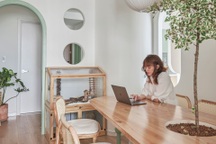 Độc đáo căn chung cư thông tầng, gia chủ chi bộn tiền... trồng cây trên bàn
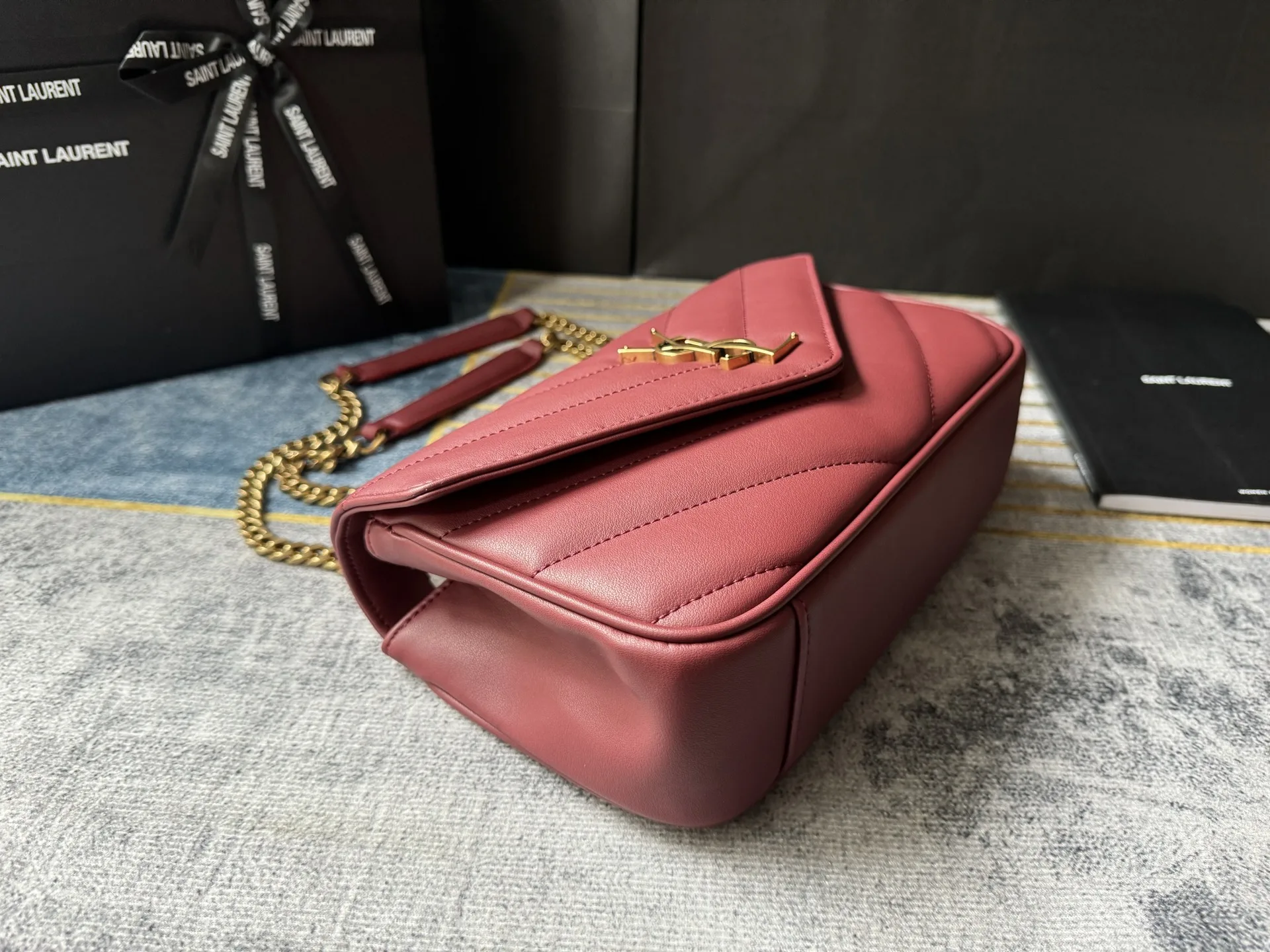SAINT LAURENT LOULOU in MATELASSÉ Lambskin - Wine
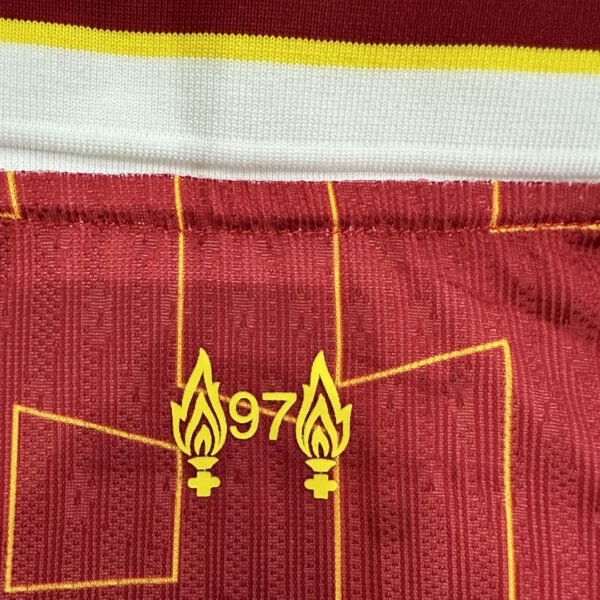 Player Version Liverpool Home Jersey 2024/25 - Image 5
----
Problem requirements - Write the material out again word for word and omit any images.

Answer box -
 Độc đáo căn chung cư thông tầng, gia chủ chi bộn tiền... trồng cây trên bàn
SAINT LAURENT LOULOU in MATELASSÉ Lambskin - Wine
 Player Version Liverpool Home Jersey 2024/25 - Image 5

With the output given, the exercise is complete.